Iterator<WorkItem> workItemStream = this.sidecarClient.getWorkItems(getWorkItemsRequest);
这里面就是 grpc stub 的生成代码,不细看
TaskHubSidecarService 服务器实现
TaskHubSidecarService 这个 protobuf 定义的 grpc service 的服务器端,代码实现在 durabletask-go 仓库中。
protobuf 生成的 grpc stub 的类在这里:
- internal/protos/orchestrator_service_grpc.pb.go
- internal/protos/orchestrator_service.pb.go
服务器端代码实现在 backend/executor.go
中:
// GetWorkItems implements protos.TaskHubSidecarServiceServer
func (g *grpcExecutor) GetWorkItems(req *protos.GetWorkItemsRequest, stream protos.TaskHubSidecarService_GetWorkItemsServer) error {
......
// The worker client invokes this method, which streams back work-items as they arrive.
for {
select {
case <-stream.Context().Done():
g.logger.Infof("work item stream closed")
return nil
case wi := <-g.workItemQueue:
if err := stream.Send(wi); err != nil {
return err
}
case <-g.streamShutdownChan:
return errShuttingDown
}
}
}
所以返回给客户端调用的 work item stream 的数据来自 g.workItemQueue
type grpcExecutor struct {
......
workItemQueue chan *protos.WorkItem
}
workItemQueue 的实现逻辑
workItemQueue 在 grpcExecutor 中定义:
type grpcExecutor struct {
workItemQueue chan *protos.WorkItem
......
}
grpcExecutor 在 NewGrpcExecutor() 方法中构建:
// NewGrpcExecutor returns the Executor object and a method to invoke to register the gRPC server in the executor.

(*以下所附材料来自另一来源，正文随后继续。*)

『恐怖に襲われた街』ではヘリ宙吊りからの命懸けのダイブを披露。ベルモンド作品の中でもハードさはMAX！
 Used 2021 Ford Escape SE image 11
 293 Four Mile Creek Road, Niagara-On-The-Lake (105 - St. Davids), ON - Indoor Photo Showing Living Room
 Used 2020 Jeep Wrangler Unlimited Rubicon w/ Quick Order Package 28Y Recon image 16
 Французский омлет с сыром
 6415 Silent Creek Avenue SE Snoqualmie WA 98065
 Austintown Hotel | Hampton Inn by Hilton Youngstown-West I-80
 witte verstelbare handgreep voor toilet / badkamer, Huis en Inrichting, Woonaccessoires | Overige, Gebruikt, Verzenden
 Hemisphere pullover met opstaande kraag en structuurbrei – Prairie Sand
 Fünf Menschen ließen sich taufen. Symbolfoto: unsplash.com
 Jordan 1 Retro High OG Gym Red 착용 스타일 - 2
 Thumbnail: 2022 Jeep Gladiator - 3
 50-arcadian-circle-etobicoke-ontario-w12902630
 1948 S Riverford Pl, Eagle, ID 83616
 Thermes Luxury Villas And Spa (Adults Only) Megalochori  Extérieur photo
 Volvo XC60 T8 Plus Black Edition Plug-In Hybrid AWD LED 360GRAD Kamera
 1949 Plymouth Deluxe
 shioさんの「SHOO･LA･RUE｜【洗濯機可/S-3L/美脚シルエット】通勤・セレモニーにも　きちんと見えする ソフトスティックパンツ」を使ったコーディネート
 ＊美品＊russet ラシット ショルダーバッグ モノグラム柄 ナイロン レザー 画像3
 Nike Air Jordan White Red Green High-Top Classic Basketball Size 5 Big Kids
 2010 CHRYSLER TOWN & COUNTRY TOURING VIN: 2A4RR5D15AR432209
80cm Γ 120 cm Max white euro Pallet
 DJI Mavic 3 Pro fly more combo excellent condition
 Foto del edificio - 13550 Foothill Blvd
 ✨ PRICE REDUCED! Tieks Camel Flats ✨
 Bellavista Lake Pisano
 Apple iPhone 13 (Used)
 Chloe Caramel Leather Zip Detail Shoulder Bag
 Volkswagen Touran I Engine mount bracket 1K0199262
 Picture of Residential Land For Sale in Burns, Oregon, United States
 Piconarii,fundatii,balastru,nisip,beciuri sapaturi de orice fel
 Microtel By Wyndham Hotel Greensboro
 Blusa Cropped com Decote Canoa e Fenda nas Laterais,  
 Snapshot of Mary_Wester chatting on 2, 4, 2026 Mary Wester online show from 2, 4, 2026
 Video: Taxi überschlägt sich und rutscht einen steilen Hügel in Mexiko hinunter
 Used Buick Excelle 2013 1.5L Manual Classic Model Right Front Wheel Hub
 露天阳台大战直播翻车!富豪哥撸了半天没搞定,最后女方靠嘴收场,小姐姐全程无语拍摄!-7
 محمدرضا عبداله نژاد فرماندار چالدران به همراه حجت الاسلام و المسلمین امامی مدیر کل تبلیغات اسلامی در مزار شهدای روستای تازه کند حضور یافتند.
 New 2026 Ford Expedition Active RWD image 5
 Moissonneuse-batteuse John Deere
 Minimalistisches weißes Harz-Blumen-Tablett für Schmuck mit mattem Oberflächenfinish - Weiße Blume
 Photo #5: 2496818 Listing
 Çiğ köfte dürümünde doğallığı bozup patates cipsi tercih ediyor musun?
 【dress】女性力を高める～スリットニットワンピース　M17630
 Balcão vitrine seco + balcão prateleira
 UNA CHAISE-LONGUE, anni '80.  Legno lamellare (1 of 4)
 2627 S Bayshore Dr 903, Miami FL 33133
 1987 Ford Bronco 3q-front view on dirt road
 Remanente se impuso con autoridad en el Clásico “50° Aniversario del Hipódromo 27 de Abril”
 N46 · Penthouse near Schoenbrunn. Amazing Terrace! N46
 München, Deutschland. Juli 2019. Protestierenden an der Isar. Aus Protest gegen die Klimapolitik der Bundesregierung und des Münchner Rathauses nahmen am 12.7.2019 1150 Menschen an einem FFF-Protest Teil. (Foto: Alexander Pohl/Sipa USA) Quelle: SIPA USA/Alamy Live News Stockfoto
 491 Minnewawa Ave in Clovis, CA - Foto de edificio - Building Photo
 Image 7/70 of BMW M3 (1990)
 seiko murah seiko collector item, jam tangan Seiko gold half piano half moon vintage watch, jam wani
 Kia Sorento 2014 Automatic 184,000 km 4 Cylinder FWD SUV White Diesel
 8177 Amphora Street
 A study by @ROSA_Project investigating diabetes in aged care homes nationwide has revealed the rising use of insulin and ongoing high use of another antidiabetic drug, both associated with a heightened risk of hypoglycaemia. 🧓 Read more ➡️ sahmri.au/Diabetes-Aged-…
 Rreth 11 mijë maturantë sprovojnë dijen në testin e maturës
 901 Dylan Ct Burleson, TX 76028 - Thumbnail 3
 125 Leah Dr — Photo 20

func NewGrpcExecutor(be Backend, logger Logger, opts ...grpcExecutorOptions) (executor Executor, registerServerFn func(grpcServer grpc.ServiceRegistrar)) {
grpcExecutor := &grpcExecutor{
workItemQueue: make(chan *protos.WorkItem),
backend: be,
logger: logger,
pendingOrchestrators: &sync.Map{},
pendingActivities: &sync.Map{},
}
......
}
将数据写入 workItemQueue 的地方有两个:
-
ExecuteOrchestrator()
func (executor *grpcExecutor) ExecuteOrchestrator(......) { ...... workItem := &protos.WorkItem{ Request: &protos.WorkItem_OrchestratorRequest{ OrchestratorRequest: &protos.OrchestratorRequest{ InstanceId: string(iid), ExecutionId: nil, PastEvents: oldEvents, NewEvents: newEvents, }, }, } executor.workItemQueue <- workItem: }
-
ExecuteActivity()
func (executor *grpcExecutor) ExecuteActivity(......) { workItem := &protos.WorkItem{ Request: &protos.WorkItem_ActivityRequest{ ActivityRequest: &protos.ActivityRequest{ Name: task.Name, Version: task.Version, Input: task.Input, OrchestrationInstance: &protos.OrchestrationInstance{InstanceId: string(iid)}, TaskId: e.EventId, }, }, executor.workItemQueue <- workItem: }
继续跟踪看 ExecuteOrchestrator() 和 ExecuteActivity() 方法是被谁调用的,这个细节在下一节中。
小结
获取工作任务的任务源头在 dapr sidecar,代码实现在 durabletask-go 项目的 backend/executor.go
中。
3 - 执行orchestrator task
回顾
前面看到执行orchestrator task的代码实现在 durabletask-go 仓库的 client/src/main/java/com/microsoft/durabletask/DurableTaskGrpcWorker.java
中。
TaskOrchestrationExecutor taskOrchestrationExecutor = new TaskOrchestrationExecutor(
this.orchestrationFactories,
this.dataConverter,
this.maximumTimerInterval,
logger);
......
Iterator<WorkItem> workItemStream = this.sidecarClient.getWorkItems(getWorkItemsRequest);
while (workItemStream.hasNext()) {
WorkItem workItem = workItemStream.next();
RequestCase requestType = workItem.getRequestCase();
if (requestType == RequestCase.ORCHESTRATORREQUEST) {
OrchestratorRequest orchestratorRequest = workItem.getOrchestratorRequest();
TaskOrchestratorResult taskOrchestratorResult = taskOrchestrationExecutor.execute(
orchestratorRequest.getPastEventsList(),
orchestratorRequest.getNewEventsList());
OrchestratorResponse response = OrchestratorResponse.newBuilder()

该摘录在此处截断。